Ingliston Racing Circuit is a 1.030 mi motor racing circuit that was built at the Royal Highland Showground at Ingliston, Edinburgh. The circuit was created by widening and linking the network of access roads at the venue which had previously been used exclusively as an agricultural showground.

The first racing took place at Ingliston on 11 April 1965 and it fast became recognised as one of Scotland's top motorsport venues. The first race was almost 10 years before Knockhill in Fife opened in 1974 . Ingliston became infamous for its tight corners and plethora of obstacles such as trees and buildings close to the track and was therefore considered to be more hazardous than other similar facilities in the UK. There were extensive spectator facilities including a 5000-person grandstand which was built around the southern part of the track and thus named 'Arena'.

The venue saw many famous drivers compete at races including the late Jim Clark, Jackie Stewart, Stirling Moss and later David Coulthard.

==History==
===1968 expansion===
On 4 September 1968 the track re-opened benefiting from an extension to the northeast of 600 ft including a long straight leading to hairpin and back to left-hander where the new section rejoined the original circuit. This took the full circuit to a length of just over one mile, allowing for a more fulfilling experience for drivers and spectators alike and more racing as a result. Two circuits could be operated, the original or extended, both in a clockwise direction.

===Scottish Motorsport Centre===
In the winter of 1989 Sir Jackie Stewart publicly announced his plans for a Scottish Motorsport centre. An investment of £80 million was proposed to create a motoring centre of excellence, to include research and development facilities, showrooms and garages around the perimeter of the circuit. The plans received public approval but full funding was shortcoming and a planning application never submitted to Edinburgh District Council.

In addition to a two-mile Grand Prix standard racing circuit and motor industry test facilities, the New Ingliston proposals would embody a luxury hotel, multi-screen cinema, bowling alley, garden centre, autopark trading units, and heritage museum, within its perimeters.
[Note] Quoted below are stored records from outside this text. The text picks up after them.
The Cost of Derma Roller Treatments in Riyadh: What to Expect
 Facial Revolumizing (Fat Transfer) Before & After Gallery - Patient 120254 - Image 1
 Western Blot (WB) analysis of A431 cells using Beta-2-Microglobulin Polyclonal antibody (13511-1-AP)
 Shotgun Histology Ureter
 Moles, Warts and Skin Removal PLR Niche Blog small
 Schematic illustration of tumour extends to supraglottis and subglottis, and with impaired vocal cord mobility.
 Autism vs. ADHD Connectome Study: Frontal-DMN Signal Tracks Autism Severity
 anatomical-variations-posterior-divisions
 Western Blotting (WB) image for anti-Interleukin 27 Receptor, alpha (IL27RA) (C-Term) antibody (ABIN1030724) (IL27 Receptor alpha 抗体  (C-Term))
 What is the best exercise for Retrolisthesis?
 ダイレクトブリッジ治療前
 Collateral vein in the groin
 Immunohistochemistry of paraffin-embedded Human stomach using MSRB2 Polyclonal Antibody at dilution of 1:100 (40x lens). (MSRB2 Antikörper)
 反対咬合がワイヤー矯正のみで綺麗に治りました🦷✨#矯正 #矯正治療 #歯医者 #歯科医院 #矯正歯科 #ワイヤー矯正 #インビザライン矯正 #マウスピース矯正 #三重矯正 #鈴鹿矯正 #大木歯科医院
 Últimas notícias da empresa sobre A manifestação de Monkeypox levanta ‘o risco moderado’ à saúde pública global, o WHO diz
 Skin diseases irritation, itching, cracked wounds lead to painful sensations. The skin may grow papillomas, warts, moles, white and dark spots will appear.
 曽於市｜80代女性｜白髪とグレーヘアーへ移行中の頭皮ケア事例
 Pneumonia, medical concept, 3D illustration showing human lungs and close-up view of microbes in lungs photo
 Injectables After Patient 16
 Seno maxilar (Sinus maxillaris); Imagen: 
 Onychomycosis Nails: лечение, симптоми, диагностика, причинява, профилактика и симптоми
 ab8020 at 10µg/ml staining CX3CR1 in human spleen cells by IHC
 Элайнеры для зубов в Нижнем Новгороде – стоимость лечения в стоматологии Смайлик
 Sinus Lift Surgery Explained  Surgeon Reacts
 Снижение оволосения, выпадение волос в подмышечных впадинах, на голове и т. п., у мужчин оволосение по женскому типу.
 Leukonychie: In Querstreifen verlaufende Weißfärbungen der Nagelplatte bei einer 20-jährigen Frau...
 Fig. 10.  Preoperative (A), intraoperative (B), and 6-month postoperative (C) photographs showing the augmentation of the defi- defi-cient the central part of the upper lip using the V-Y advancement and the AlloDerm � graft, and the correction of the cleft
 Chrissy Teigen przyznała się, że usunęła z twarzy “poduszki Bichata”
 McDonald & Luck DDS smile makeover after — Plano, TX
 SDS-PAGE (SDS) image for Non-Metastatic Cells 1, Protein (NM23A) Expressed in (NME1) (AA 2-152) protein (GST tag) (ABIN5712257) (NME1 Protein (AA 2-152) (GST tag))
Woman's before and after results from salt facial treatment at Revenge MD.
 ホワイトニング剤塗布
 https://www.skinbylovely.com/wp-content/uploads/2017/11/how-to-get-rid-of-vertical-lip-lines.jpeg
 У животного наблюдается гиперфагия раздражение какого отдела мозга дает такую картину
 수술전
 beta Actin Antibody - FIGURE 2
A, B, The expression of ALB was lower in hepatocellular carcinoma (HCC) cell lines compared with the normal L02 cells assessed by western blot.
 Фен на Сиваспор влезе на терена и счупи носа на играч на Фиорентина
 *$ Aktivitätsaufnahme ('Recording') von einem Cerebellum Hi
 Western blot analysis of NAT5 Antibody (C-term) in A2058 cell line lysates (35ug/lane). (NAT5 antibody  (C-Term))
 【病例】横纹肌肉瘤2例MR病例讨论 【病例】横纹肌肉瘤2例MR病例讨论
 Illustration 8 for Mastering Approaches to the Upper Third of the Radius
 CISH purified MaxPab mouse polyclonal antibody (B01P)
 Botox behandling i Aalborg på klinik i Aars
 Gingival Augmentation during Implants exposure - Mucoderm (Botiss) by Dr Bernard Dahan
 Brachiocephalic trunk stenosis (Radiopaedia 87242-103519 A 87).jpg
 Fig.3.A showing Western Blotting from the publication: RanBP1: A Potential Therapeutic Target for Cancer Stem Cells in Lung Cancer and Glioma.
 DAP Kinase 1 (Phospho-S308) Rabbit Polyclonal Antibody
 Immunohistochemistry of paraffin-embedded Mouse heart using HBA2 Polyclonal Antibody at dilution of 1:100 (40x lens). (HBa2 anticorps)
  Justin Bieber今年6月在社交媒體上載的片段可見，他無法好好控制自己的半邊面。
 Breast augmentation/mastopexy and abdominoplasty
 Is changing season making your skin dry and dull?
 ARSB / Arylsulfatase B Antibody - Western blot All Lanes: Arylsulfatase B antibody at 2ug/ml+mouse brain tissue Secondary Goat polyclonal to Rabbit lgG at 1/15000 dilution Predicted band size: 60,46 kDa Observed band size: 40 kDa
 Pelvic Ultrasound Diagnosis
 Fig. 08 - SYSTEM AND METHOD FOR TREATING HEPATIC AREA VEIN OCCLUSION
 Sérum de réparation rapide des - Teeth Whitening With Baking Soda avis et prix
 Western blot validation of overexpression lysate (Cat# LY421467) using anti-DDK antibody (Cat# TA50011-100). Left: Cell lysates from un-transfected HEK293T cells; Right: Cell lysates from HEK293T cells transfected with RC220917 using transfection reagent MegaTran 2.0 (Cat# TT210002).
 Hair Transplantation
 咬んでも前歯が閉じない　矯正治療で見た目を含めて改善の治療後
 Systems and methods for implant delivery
Jackie Stewart, who designed the track, said his involvement with the McGregor Holdings concept which includes personal investment, came after persistent requests from throughout the world to participate in developing race circuits.

===1995 closure===
During the downturn of the early 1990s the circuit started to fall behind modern standards. Increased competition from Knockhill Racing Circuit in Fife and a lack of investment in modern safety facilities as well as increased pressure from the venue for other non-motoring related activity spelled the end of motorsport at Ingliston. The track was de-commissioned and infrastructure removed, paving the way for the venue to pursue its main ambition as a public showground.

===Today===
Much of the original circuit remains in place with the only major missing piece being Arena, where a grandstand overlooking the main ring of the venue (used principally for the Royal Highland Show) has been constructed. Other parts of the track are used as access roads, car parking and for occasional track days and driving events. The pits area has been removed.

===Revival===
2015 saw the 50th anniversary of the circuit and a revival planned for September 2015. The event was planned to relive the excitement of old Ingliston where owners are invited to drive their cars on the re-opened circuit. The event attracted 11,000 people over the weekend.

The original circuit was built over at Arena, so an access road adjacent to the structure was widened and graded to allow a full-circuit to be drivable, the first time this was possible in over 20 years.

==Other uses==
The northern part of Ingliston Racing Circuit is used by driving experience companies Experience Voucher and Ingliston, and also by the Dunfermline Car Club for rally and cycling races, amongst others.